## What you have to do
Once you reach the line with "Jakarta Airport And", copy it and every line after it exactly, up to the end of the data. Omit the pictures.

## Dataset section
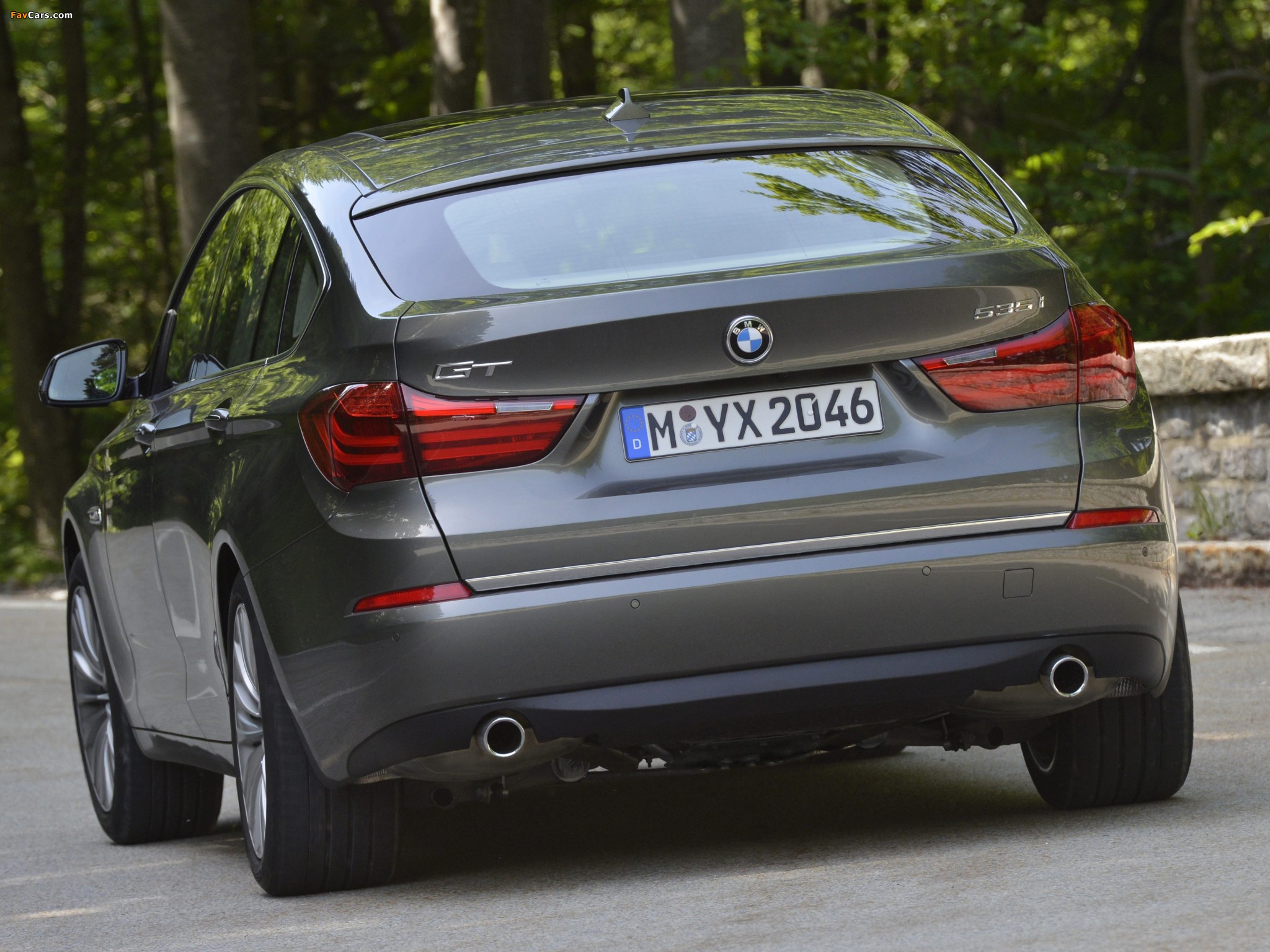 Photos of BMW 535i Gran Turismo Luxury Line (F07) 2013 (2048 x 1536)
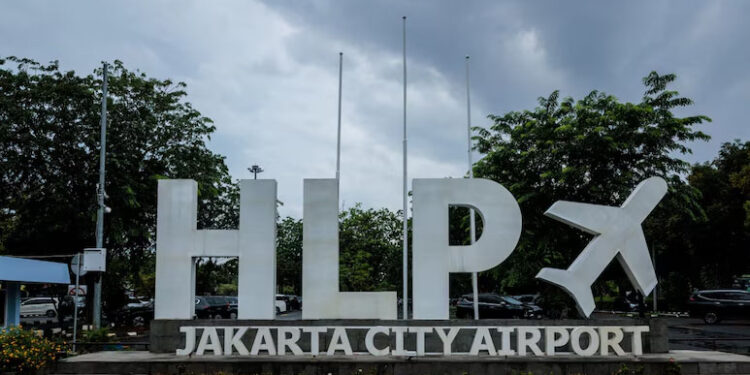 Jakarta Airport And Others Reopen After Volcanic Ash Crisis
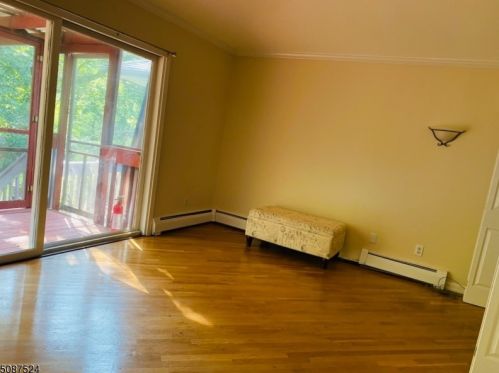 106 Mosher Rd, Princeton NJ  08540-8416 exterior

## Problem solution
 Jakarta Airport And Others Reopen After Volcanic Ash Crisis
 106 Mosher Rd, Princeton NJ  08540-8416 exterior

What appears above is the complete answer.